Terkadang kita terjebak pada keangkuhan intelektual kita dalam
menyampaikan dakwah ini. Seolah-olah obyek dakwah yang kita dakwahi akan
terpesona dan mengikuti dakwah ini berdasar ribuan argumentasi yg kita
kemukakan. Padahal sejatinya dakwah ini adalah menyentuh hati, karena
di hati inilah nanti hidayah Allah akan dicurahkan sehingga dia akan
turut serta bersama lingkaran dakwah ini. Oleh sebab itu Allah
me”ralat” do’a nabi Ibrahim dalam surat Al Baqarah yg mengedepankan
tu’alimunal kitab dari pada tuzakkihim, Allah meluruskan dalam surat
Al-Jumu’ah dengan terlebih dahulu mengedepankan Tuzakkihim baru
tu’alimunal kitab. Dari sini kita bisa ambil hikmahnya betapa sentuhan
hati itu lebih utama dari pada transfer pengetahuan, sebab kalo hati
masih tertutup maka pengetahuan dan argumentasi sehebat apapun jadi
nihil atau bahkan jadi bumerang yg membuat mereka semakin jauh.
Alih-alih dia ingin dekat dengan kita malah dia semakin jauh karena sikap kita.

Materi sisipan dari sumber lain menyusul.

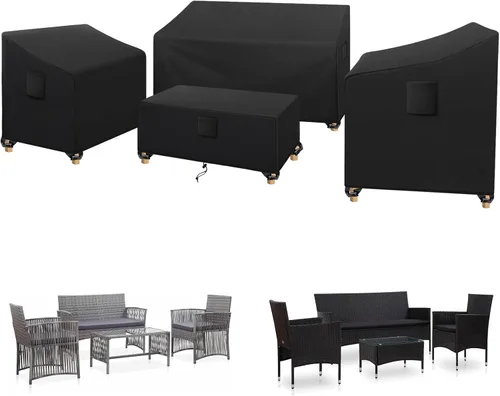 Vista 9 de SIRUITON - Funda impermeable para muebles de exterior, 4 piezas Fundas para muebles de patio, fundas para muebles de patio, 210D, tela resistente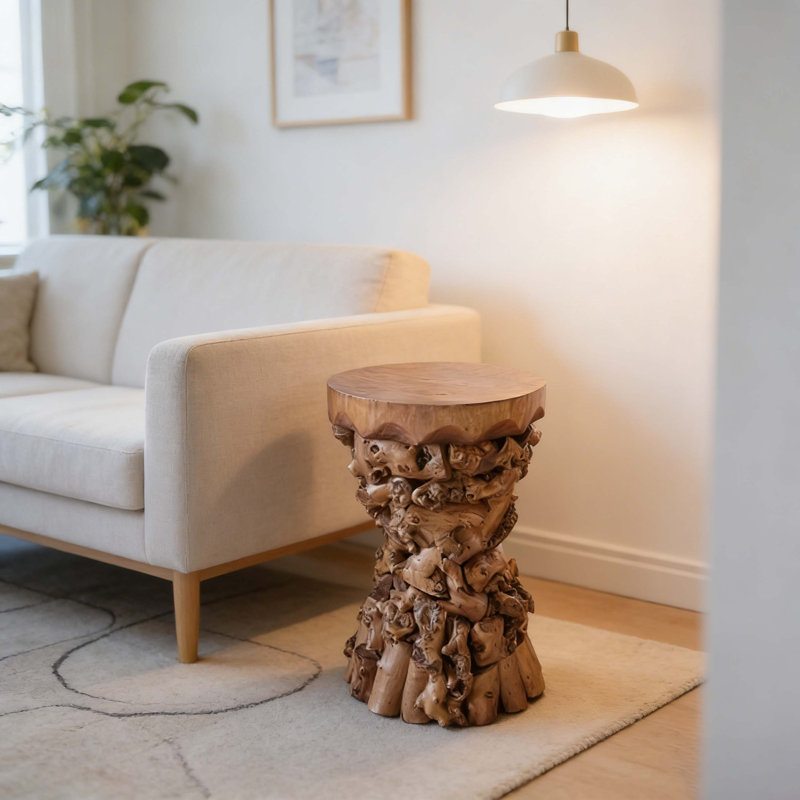 11.8" Brown Mulberry & Paulownia Wood Accent Table, Organic Tree Root Base Side Table For Living Room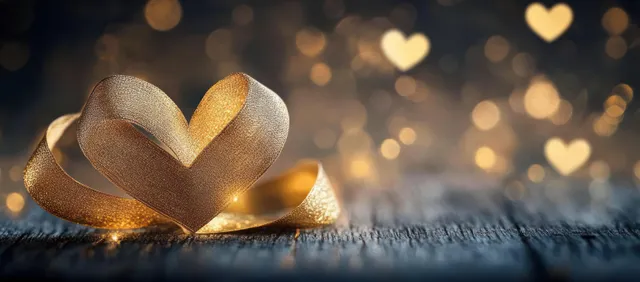 Golden ribbon shaped into a heart rests on wood while warm heart-shaped bokeh lights glow softly behind it.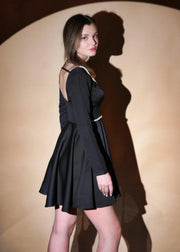 BLACK SWEETHEART NECK PEARL EMBRACE SHORT SKATER DRESS - Her Soul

Ikhwani fillah, kadang yang terlihat secara kasat mata, dia
berseberangan secara pemikiran bahkan ideologi dengan kita, namun
dengan mata hati kita bisa melihat betapa dekatnya kita dengan obyek
dakwah kita. Tak ada bahasa apapun di dunia ini yang bisa mengalahkan
bahasa kasih sayang dan cinta kasih. Hati mana yg tidak luluh oleh
ketulusan cinta dan kasih sayang yg kita
siramkan di hati obyek dakwah kita setiap hari. Meskipun awalnya dia
begitu membenci dan memusuhi kita, tidak mustahil batu yg begitu keras
akan lunak juga oleh tetesan air setiap hari. Mungkin masih segar di
ingatan kita tentang sirah Rasul yg dengan bahasa kasihnya menyebabkan
seorang kafir Quraisy yg tiap hari melempari kotoran ke tubuh beliau
akhirnya masuk Islam, hanya karena rasulullah menjenguk dia tatkala
sakit. Itulah bahasa kasih, yg tak perlu logika dan argumentasi, yg tak
butuh ribuan dalil dan ratusan hujjah.
Demikianlah kekuatan hati,
kekuatan yg bisa menembus relung yg tak bisa dijangkau kekuatan manapun
di dunia ini dengan izin Allah SWT.
Asy-Syahid Sayyid Qutb telah menunjukkan bukti tentang kekuatan ini,
sebelum beliau syahid di tiang gantungan, beliau sempatkan berdakwah lewat hati dengan
sebuah senyuman pada sang Jagal. Yang akhirnya sang Jagal menerima
dakwah ini hanya karena begitu sulit melupakan senyuman manis dari sang
Syahid Sayyid Qutb. Senyuman yg berasal dari hati yg paling dalam yg
berhulu pada mata air cinta kasih kepada
sesama insan yang ditaburi oleh nur Ilahi sehingga akhirnya mampu
bermuara pada hati yg kering dan tandus yg butuh air kasih dan hujan
nur Ilahi.
Ikhwani fillah, masing-masing kita punya hati, yg dibekali Allah
untuk menemukan hati-hati lain yang menunggu siraman kasih dan curahan
cinta Ilahi dari hati kita. Maka marilah kita berikan hati kita untuk
kita curahkan cinta kita, perhatian kita,
kasih sayang kita pada mereka obyek dakwah kita, sehingga kita seperti
gambaran Allah dalam surat Ibrahim ayat 14:
” …Seperti pohon yg akarnya menghujam ke bumi dan cabangnya menjulang ke langit, yang memberi buah bagi orang yg lewat disekitarnya, dan menyenangkan bagi orang yg memandang dan berteduh dibawahnya……”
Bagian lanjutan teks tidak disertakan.